Co-author Stephen A. Cooney
In Cactus Water Services LLC v. COG Operating, LLC., a divided Texas court of appeals answered the question this way: The oil and gas producer prevails over the purchaser of the surface owner’s right to own and sell produced water.
The majority discussed the composition of produced water. To be scientific, it’s got a bunch of nasty s$%^ in it that needs to be gotten rid of. But recent water treatment technologies have made what was once a cost for operators into a new industry in which treated wastewater can be sold back to operators.
Along with its rights under oil and gas leases, COG has agreements with surface owners giving it the right to gather, store and transport oil and gas waste, lay lines on the surface for freshwater and produced water, and lay pipelines for transportation of oil and gas, produced water and other oilfield-related liquids or gases. Under the leases COG is not allowed to sell produced water to third parties for off-premises use.

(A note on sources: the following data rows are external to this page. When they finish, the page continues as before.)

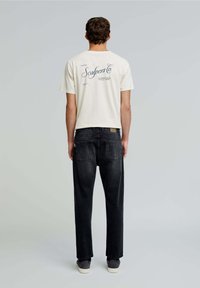 Tricou alb cu mânecă scurtă și text albastru pe spate, asortat cu blugi închisi la culoare. Îmbrăcămintea are o croială lejeră și un stil casual.
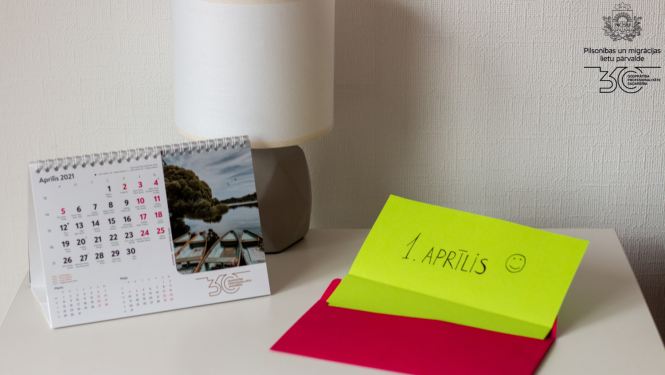 Kompoz'icija uz galda: galda kalendārs un līmlapiņā spilgti dzeltenā kr;as;a ar uzrakstu "1. aprīli :)"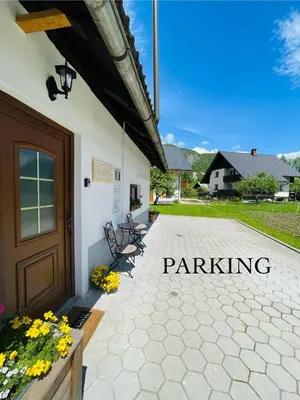 a patio outside of a house with a door at Studio Barbara in Bohinj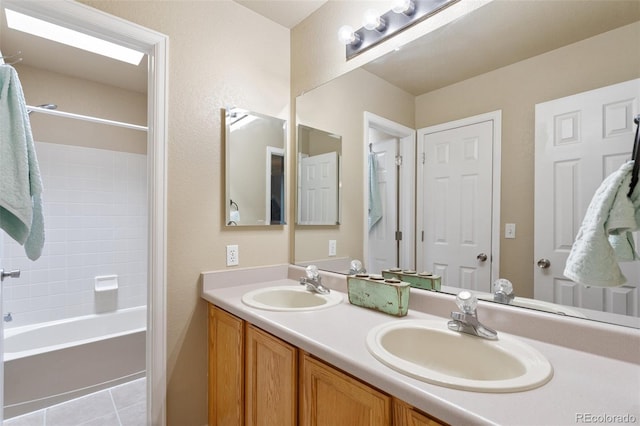 bathroom featuring a sink, shower / washtub combination, double vanity, and tile patterned flooring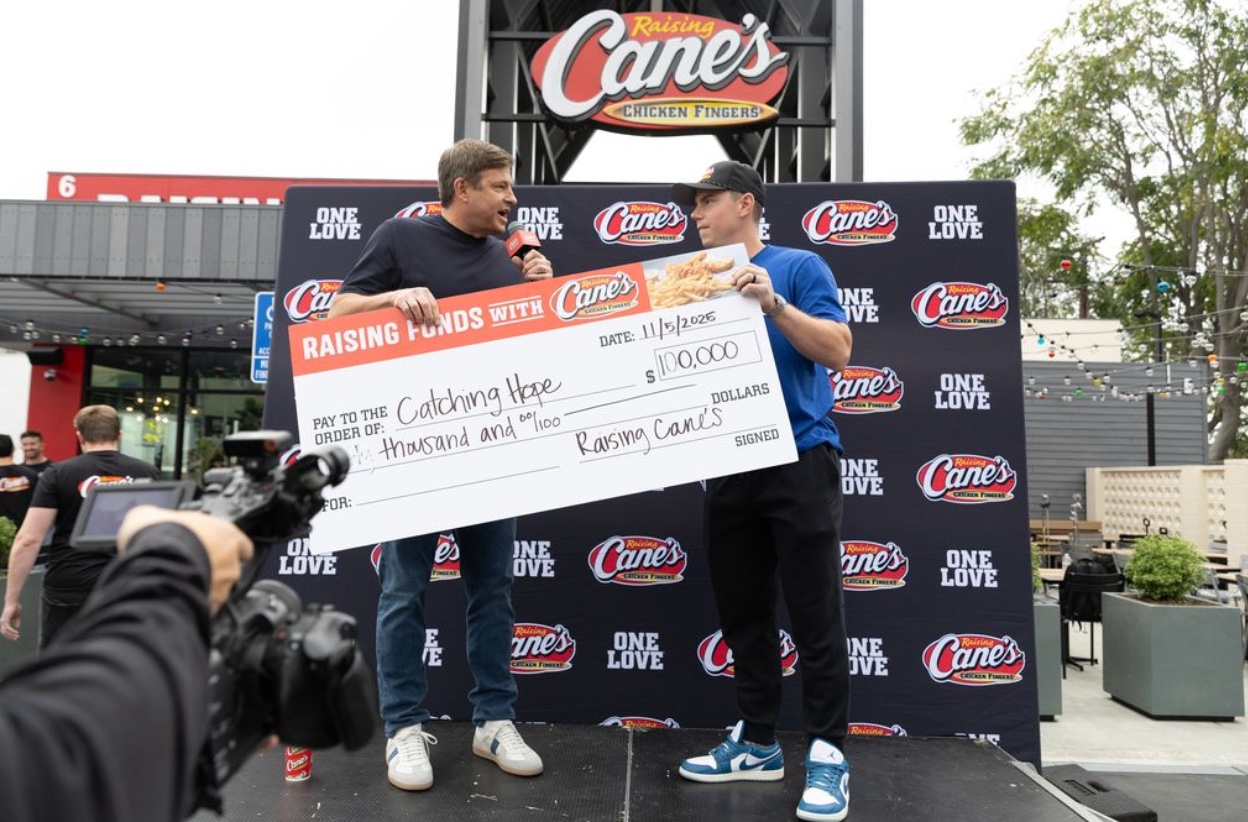 An image of Dodgers Catcher Will Smith Accepting at $100,000 check to his foundation Catching Hope from Raising Cane’s Owner and Founder Todd Graves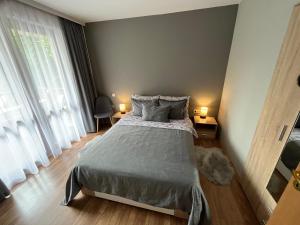 Ένα ή περισσότερα κρεβάτια σε δωμάτιο στο MH Apartments
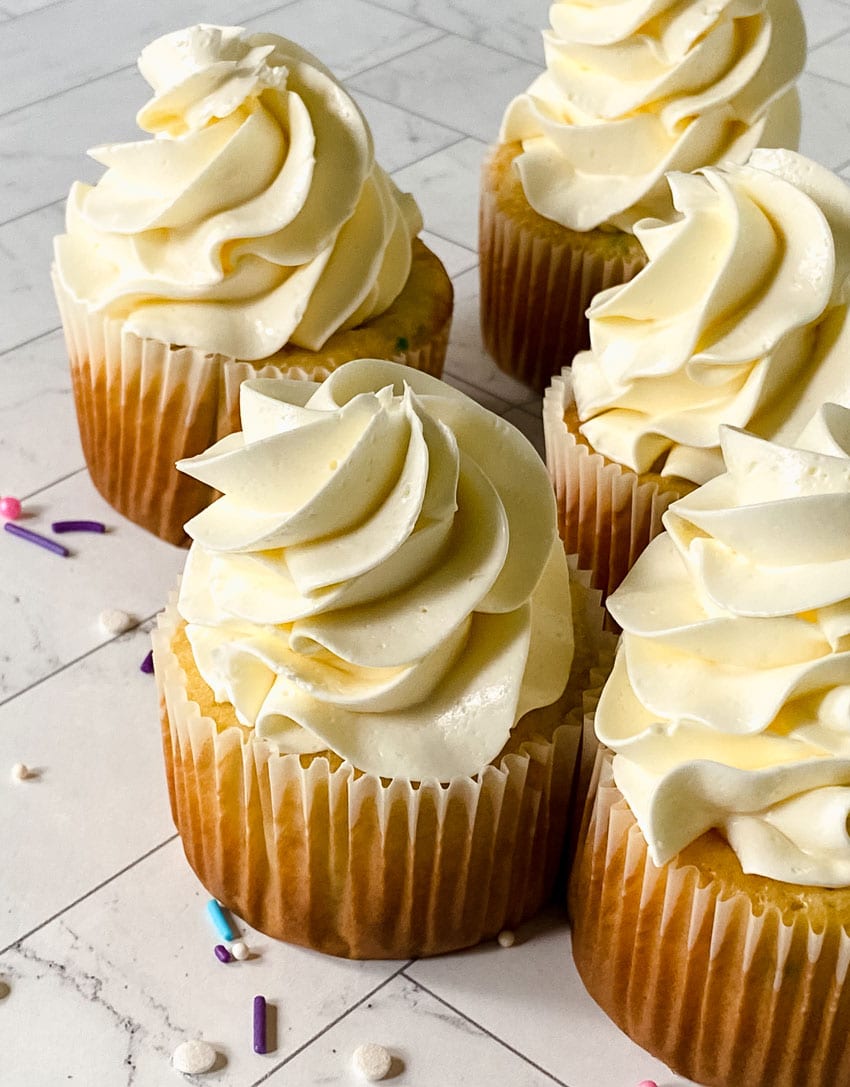 swirls of better canned frosting shown on homemade cupcakes
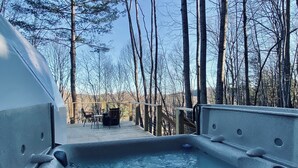 A hot tub with a stone exterior, surrounded by trees and a wooden deck.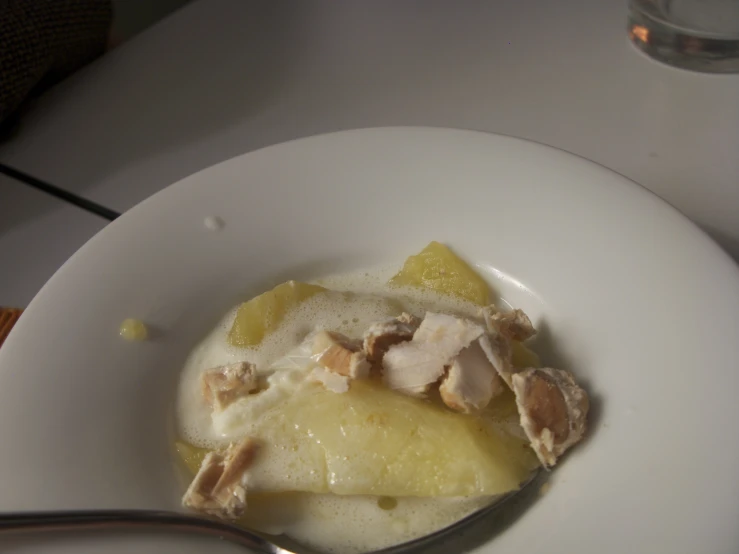 an oatmeal dish with a spoon and a drink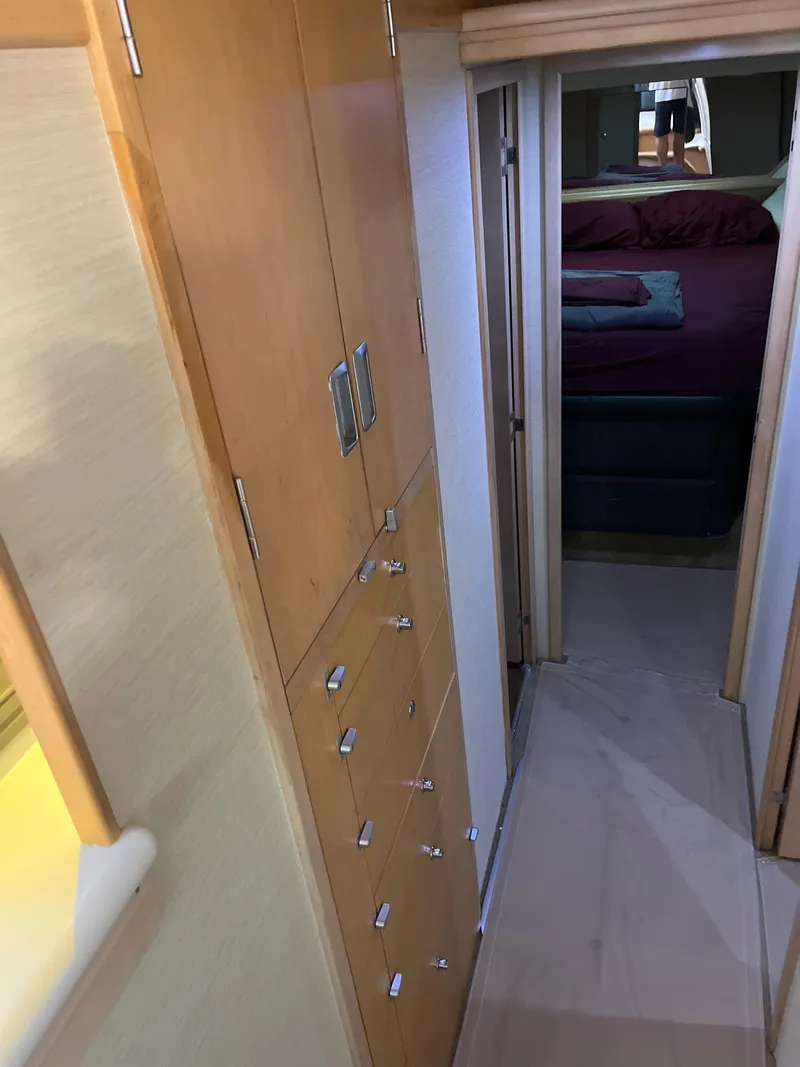 Slide: The Image of Interior hallway of 1995 Hatteras 45 Convertible yacht with wooden cabinetry. - 19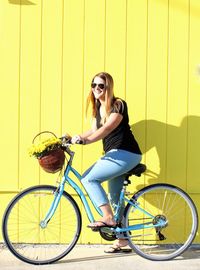 Young woman wearing sunglasses while sitting on bicycle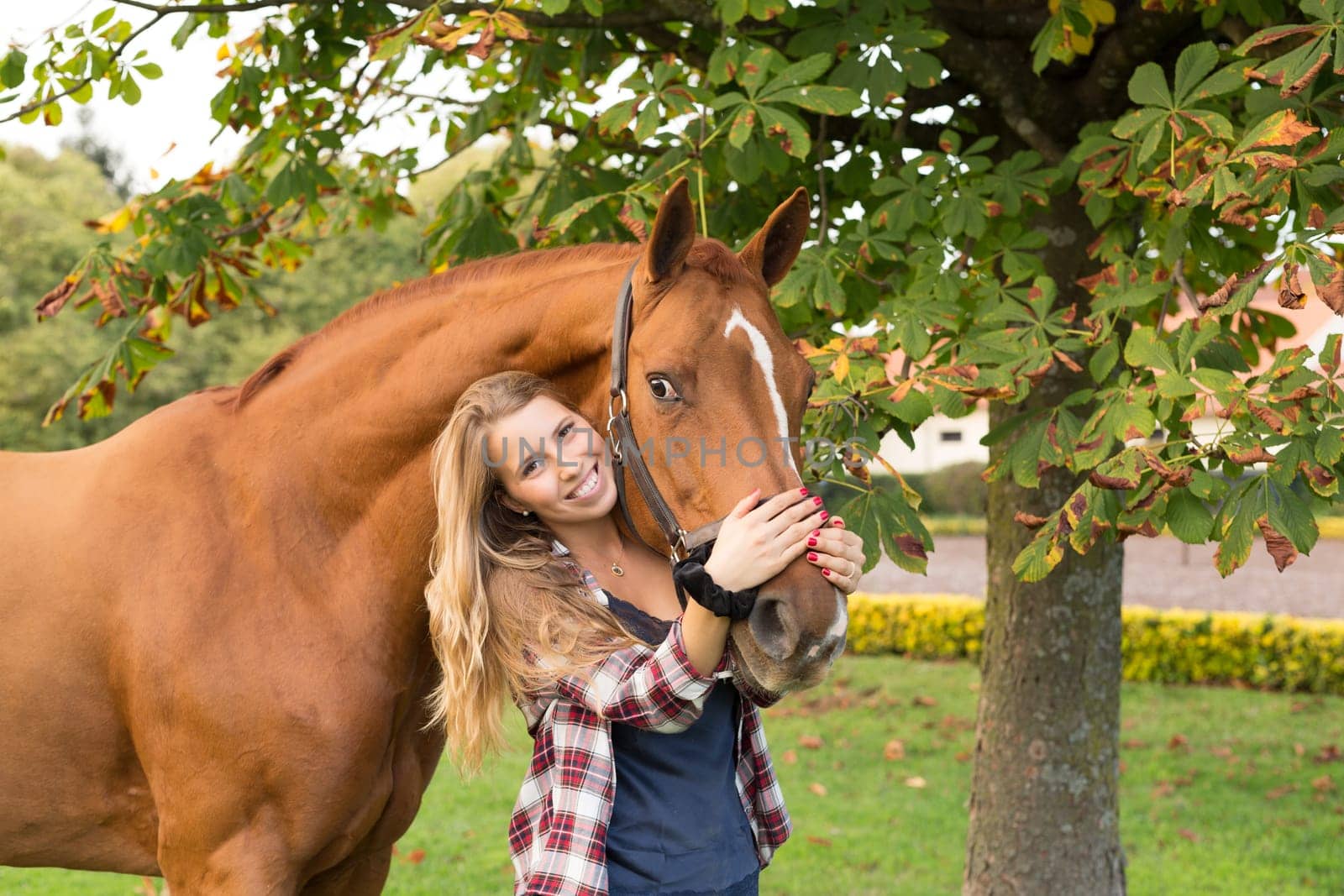 Beautiful and natural young woman spending sometime with her horse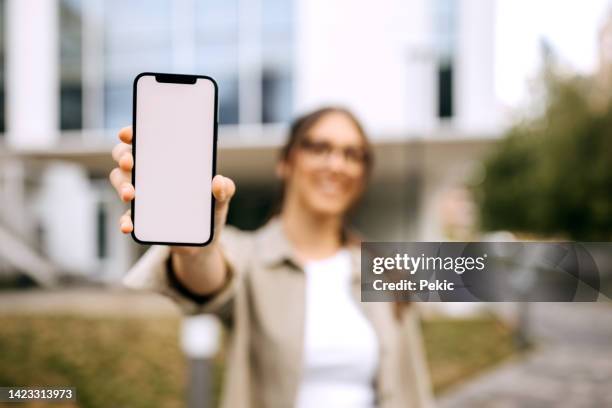 young woman holding isolated smartphone screen - tonen stockfoto's en -beelden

The surface owners granted Cactus Water the right to own and sell all water produced from oil and gas wells on the property, defining water as all water produced from geologic formations.
COG sued for declaratory judgment that it has the sole right to the produced water by virtue of its leases and surface use agreements and common law. Cactus Water counterclaimed that it had ownership of produced water under its own agreements.
The regulatory scheme governing handling and disposing of produced water includes these provisions:
- Texas Natural Resources Code 91.1011: oil and gas waste includes salt water and other liquids.
- TNRC 122.001(2): Fluid oil and gas waste is water containing salt or other mineralized substances from hydraulic fracturing, including flowback water, produce water, etc.
- Water Code 27.002(6): Oil and gas waste includes saltwater, brine and other liquid or semiliquid waste material.
- 16 Texas Administrative Code 3.8(a)(26): Oil and gas waste includes saltwater, other rmineralized water and other liquid waste material.
- Water Code 27.002(8): Freshwater means water having properties that make it suitable for beneficial use.
- Water Code 35.0029(5): Groundwater is water percolating below the surface.
- 16 TAC 3.8(a)(29) Surface or subsurface water is groundwater, percolating or otherwise.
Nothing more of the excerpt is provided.